10 Die Beklagte beantragt:
11 1. Die Zwischenfeststellungsklage wird abgewiesen.
12 2. Die Kläger werden als Gesamtschuldner verurteilt, an die Beklagte 1.079,44 EUR nebst 5 % Zinsen über dem Basiszinssatz seit 04.12.2003 zu
bezahlen.
13 Die Beklagte trägt vor:
14 Es liege kein Fall nachträglicher Unmöglichkeit vor, da hiervon nur die Rede sein könne, wenn die Leistung von niemandem erbracht werden
könne. Diese Voraussetzung sei nicht erfüllt, da das zerstörte Gebäude zwischenzeitlich wieder aufgebaut worden sei. Zumindest führten die
Vorschriften über die Unmöglichkeit nicht zu einer Vertragsbeendigung ohne vorhergehende Kündigung. Die fristlose Kündigung vom
23.10.2003 sei unwirksam, da kein Kündigungsgrund bestehe. Bei dem eingebrachten Boden handele es sich um einen Industrieboden, der für
die Nutzung als Möbellager ideal geeignet sei. Hinsichtlich der beabsichtigten Mieterhöhung sei zu berücksichtigen, dass der Mietzins seit
Oktober 1990 nicht mehr erhöht worden sei und nur die Anpassung an die mittlerweile ortsübliche Miete begehrt werde. Da das Mietverhältnis
fortbestehe, schuldeten die Kläger den mit der Widerklage geltend gemachten vertraglich vereinbarten Mietzins für Dezember 2003 in Höhe von
1.079,44 EUR brutto.
15 Wegen der weiteren Einzelheiten des Parteivorbringens wird auf die eingereichten Schriftsätze nebst Anlagen verwiesen.
Entscheidungsgründe
16 Die zulässige Zwischenfeststellungsklage ist begründet, während die zulässige Widerklage unbegründet ist.

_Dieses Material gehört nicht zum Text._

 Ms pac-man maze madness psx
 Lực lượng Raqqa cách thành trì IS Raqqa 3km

17 1. Die Zwischenfeststellungsklage gemäß § 256 Abs. 2 ZPO ist zulässig. Nachdem die Beklagte Leistungsklage erhoben hat und die Parteien
deswegen den ursprünglichen Feststellungsantrag der Kläger übereinstimmend für erledigt erklärt haben, liegen die Prozessvoraussetzungen
für eine Zwischenfeststellungsklage vor. Zwischen den Parteien ist eine Hauptklage über den Mietzinsanspruch der Beklagten für Dezember
2003 anhängig. Innerhalb des Hauptanspruchs ist ein Rechtsverhältnis, nämlich der Fortbestand des Mietvertrages, zwischen den Parteien
streitig. Das Bestehen oder Nichtbestehen dieses Rechtsverhältnisses ist für die Hauptklage vorgreiflich, da der Fortbestand des Mietvertrages
Voraussetzung für die Mietzinszahlungspflicht der Kläger ist. Zudem rühmt sich die Beklagte weiterer Mietzinsansprüche gegen die Kläger bis
Ende 2004, was ebenfalls den Fortbestand des Mietvertrages zwischen den Parteien voraussetzt.

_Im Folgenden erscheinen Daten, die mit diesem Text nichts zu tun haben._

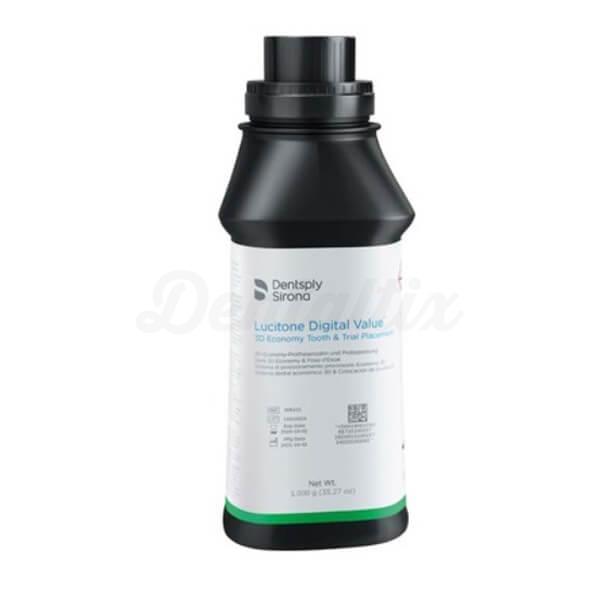 Lucitone Digital Value 3D-printhars (1 kg)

18 2. Die Zwischenfeststellungsklage ist auch begründet. Der Beklagten stehen keine Ansprüche mehr gegen die Kläger aus dem Mietvertrag zu, da
das Vertragsverhältnis beendet ist. Offen bleiben kann dabei, ob die fristlose Kündigung vom 23.10.2003 formgerecht erklärt wurde und die
genannten Gründe für eine fristlose Kündigung ausgereicht hätten. Das Mietverhältnis ist nämlich aufgrund nachträglicher eingetretener
Unmöglichkeit zur Gebrauchsüberlassung erloschen. Bei völliger Zerstörung der Mietsache, die unstreitig im vorliegenden Fall gegeben war,
entspricht es allgemeiner Auffassung, dass die Vorschriften des Allgemeinen Schuldrechts anzuwenden sind und nicht von den
Gewährleistungsregelungen der §§ 536 ff. BGB verdrängt werden (vgl. BGH WuM 1990, 546 ff; Bub/Treier, Handbuch der Geschäfts- und
Wohnraummiete, 3. Auflage, III. B Rn. 1192). Durch die Zerstörung des Gebäudes wurde der Beklagten die Pflicht zur Gebrauchsüberlassung der
Mietsache an die Kläger gemäß § 535 Abs. 1 Satz 1 BGB unmöglich, sodass sie von ihrer Leistungspflicht frei wurde (§ 275 Abs. 1 BGB).
Entgegen der Auffassung der Beklagten kommt es nicht darauf an, ob jedermann zur Leistung außerstande war, was nach der Zerstörung des
Gebäudes sogar der Fall war, da nach § 275 Abs. 1 BGB subjektive und objektive Unmöglichkeit gleich behandelt werden. Ebenso entfiel gemäß
§ 326 Abs. 1 Satz 1 BGB der Anspruch der Beklagten auf den Mietzins, da die Kläger unstreitig an der Zerstörung des Gebäudes ebenfalls kein
Verschulden traf. Ob in einer solchen Situation das Mietverhältnis automatisch erlischt, ohne dass es einer Kündigung bedarf, ist umstritten (vgl.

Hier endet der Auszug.